Hello,
A foreign country assessment will typically look similar to an assessment performed on a domestic vendor. For instance, both foreign and domestic vendors should undergo OFAC/PEP checks, and their hiring practices should be thoroughly assessed. You should also ask the vendor to document all locations that will support the product/service used by your organization. This can identify whether there's any concentration risk so you can review the vendor's resiliency in these locations. Reviewing these locations will also alert you to any privacy considerations, as privacy laws can vary based on jurisdiction. It's also recommended to request certain documents like SOC 2 or ISAE 3000 reports, or evidence of compliance with ISO/IEC 27001.
In addition to the assessment and due diligence process, it's important to consider contract language with these vendors. The Interagency Guidance on Third-Party Relationships has a brief section on "Foreign-Based Third Parties" that might be helpful to review with your legal team. The guidance recommends considering "choice-of-law and jurisdictional provisions" in contracts with foreign third parties and to seek legal advice to understand "privacy laws and cross-border flow of information".

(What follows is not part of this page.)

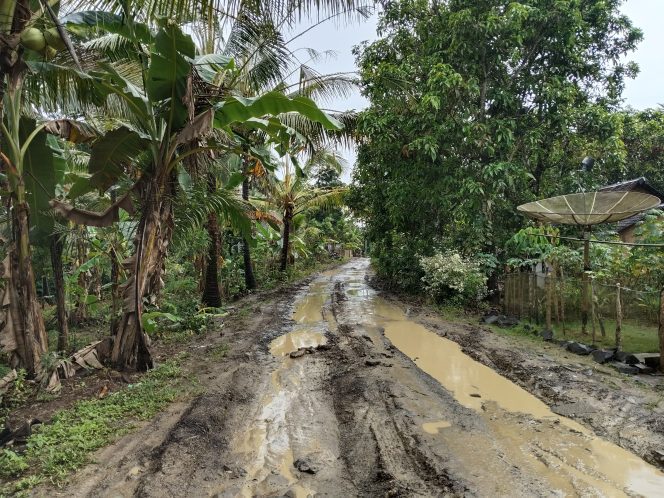 
					Jalan Rusak Parah Diduga Akibat Proyek Bang Andra, Warga Nambo Tuntut Tanggung Jawab. (Ist)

These suggestions should give you a good starting point, and I'd be interested to see the types of resources being used by other members for foreign vendors.
Original Message:
Sent: 09-19-2024 10:16 AM
From: Anonymous Member
Subject: Country Assessments
This message was posted by a user wishing to remain anonymous
Hello All,
Looking for some guidance on Foreign Country Assessments for locations your vendors are either headquartered or providing services, hosting, or accessing data from. How and what are you including in these assessments? Are you aggregating data from specific websites or utilizing a paid resource? Would love some insight on how different locations are handling this.